*** Opening Information provided ***

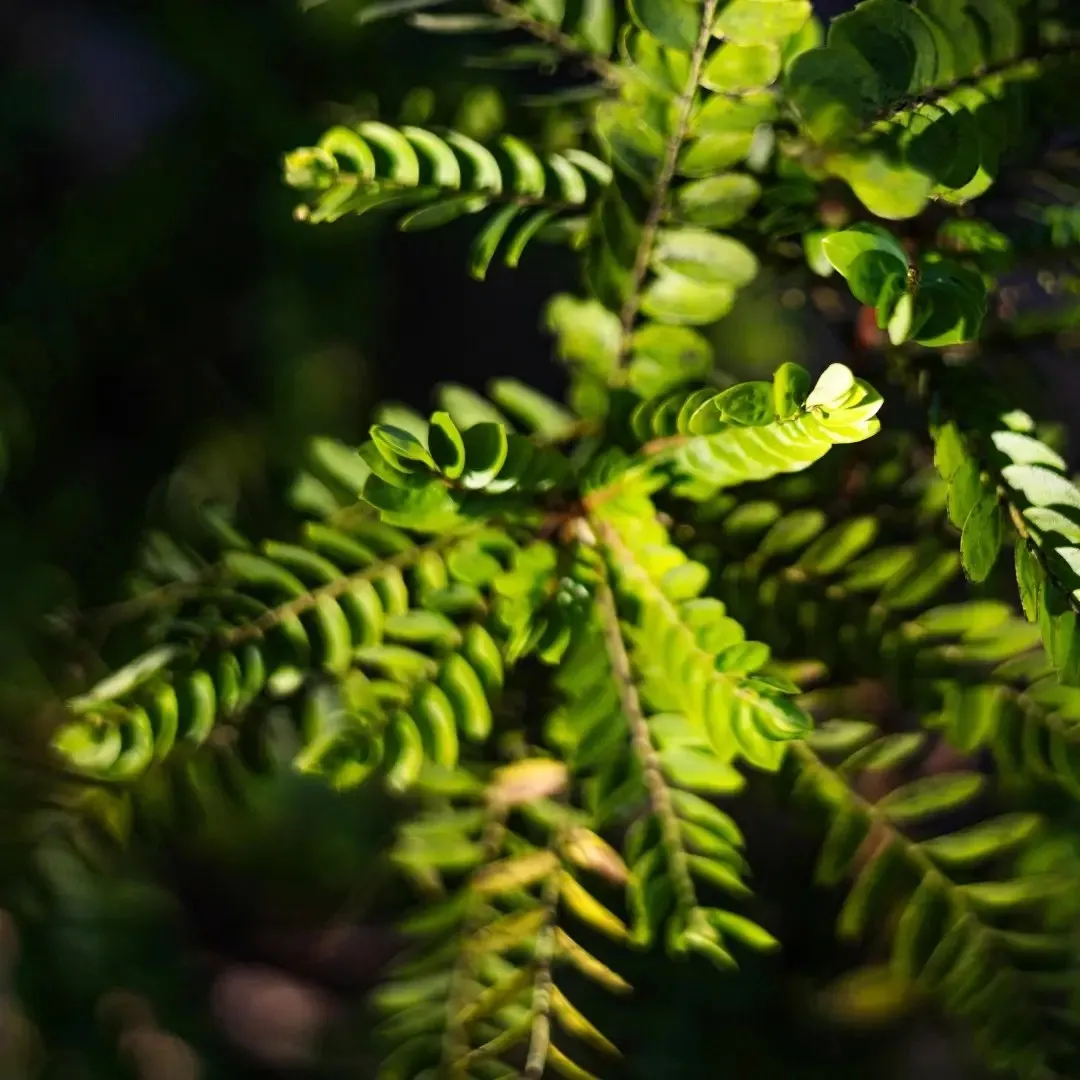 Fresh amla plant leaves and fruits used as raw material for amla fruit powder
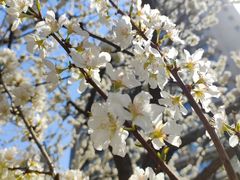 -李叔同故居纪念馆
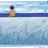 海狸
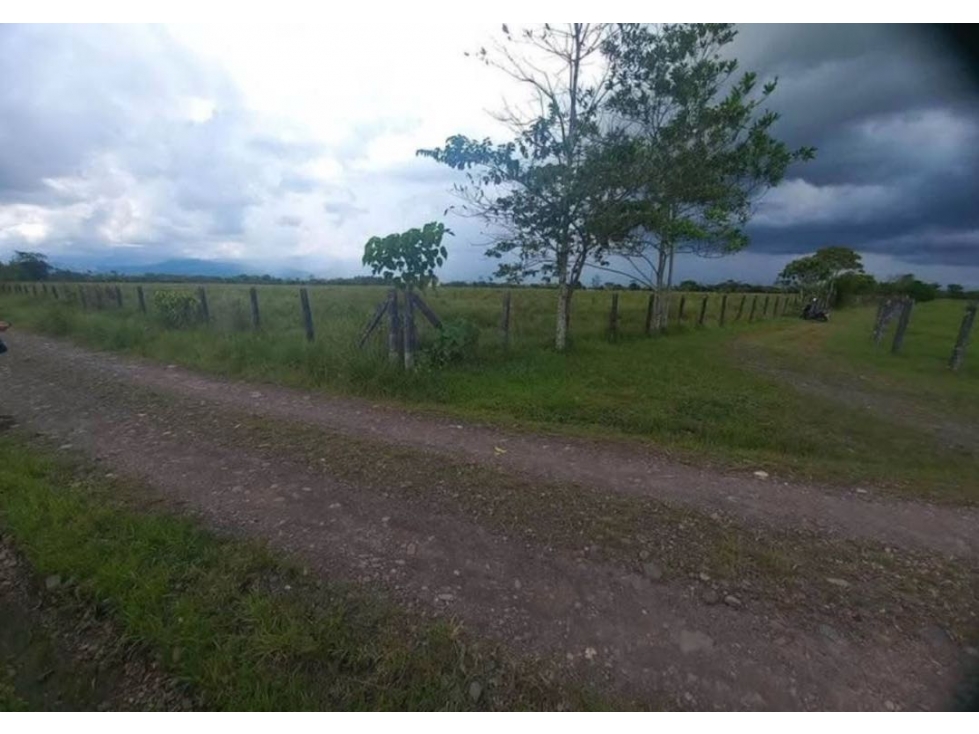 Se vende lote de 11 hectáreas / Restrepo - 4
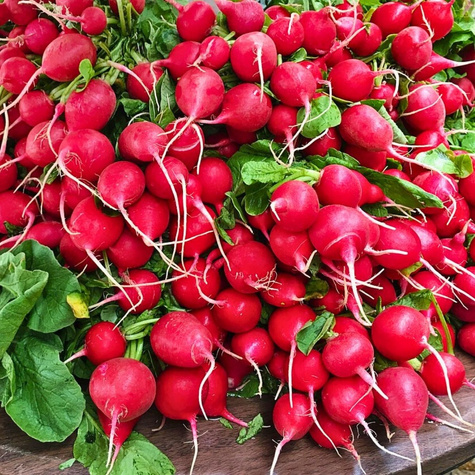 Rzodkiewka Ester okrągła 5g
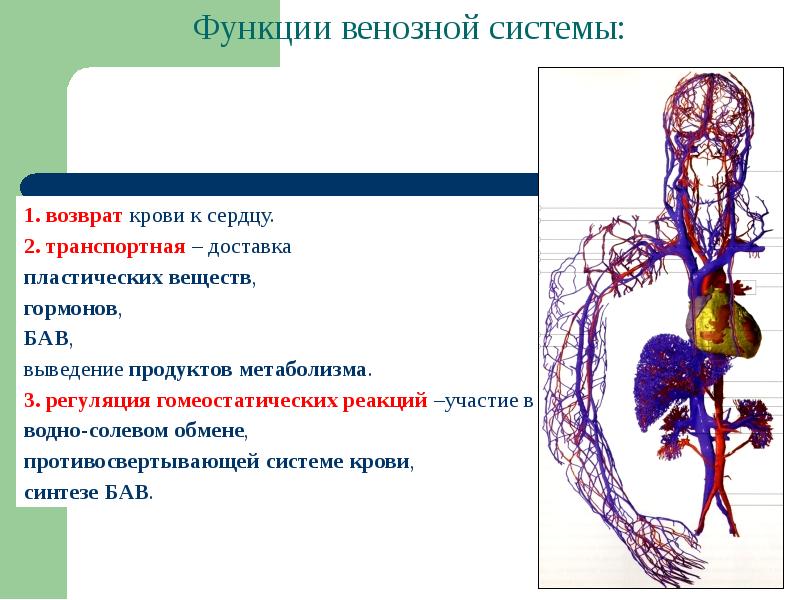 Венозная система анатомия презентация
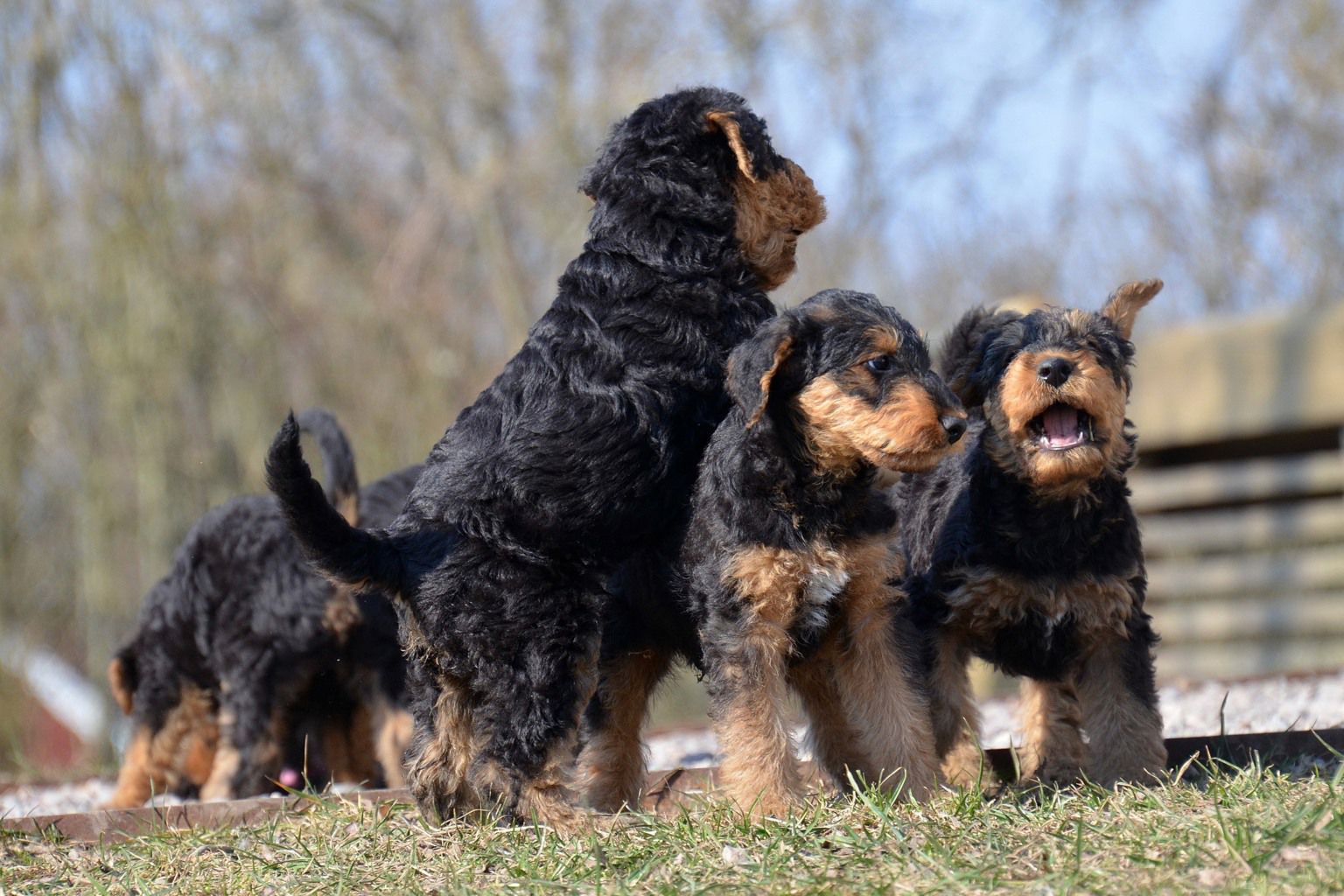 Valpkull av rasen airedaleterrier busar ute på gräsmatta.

*** Closing Information provided ***

What the task requires: Repeat each record exactly, with the pictures left out.

Exercise solution:
 Fresh amla plant leaves and fruits used as raw material for amla fruit powder
 -李叔同故居纪念馆
 海狸
 Se vende lote de 11 hectáreas / Restrepo - 4
 Rzodkiewka Ester okrągła 5g
 Венозная система анатомия презентация
 Valpkull av rasen airedaleterrier busar ute på gräsmatta.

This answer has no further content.